==== STORED DATA ====
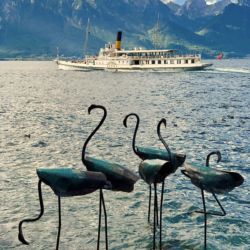 Flamants pour la Biennale de Montreux 2019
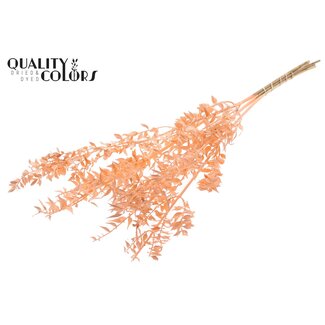 QC Gedroogde Ruscus | Kleur: Zalmkleurig | Muizendoorn Droogbloemen | Lengte ± 70 centimeter | 10 takken per bos | Per bos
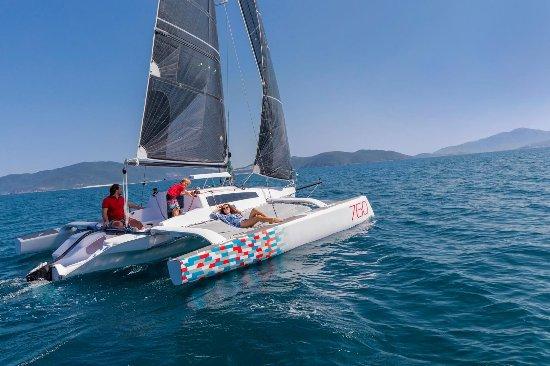 Trimaran Sailing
====
**WORK REQUIRED**
Would you return all the data exactly as given, minus the pictures?

**WRITTEN ANSWER**
 Flamants pour la Biennale de Montreux 2019
 QC Gedroogde Ruscus | Kleur: Zalmkleurig | Muizendoorn Droogbloemen | Lengte ± 70 centimeter | 10 takken per bos | Per bos
 Trimaran Sailing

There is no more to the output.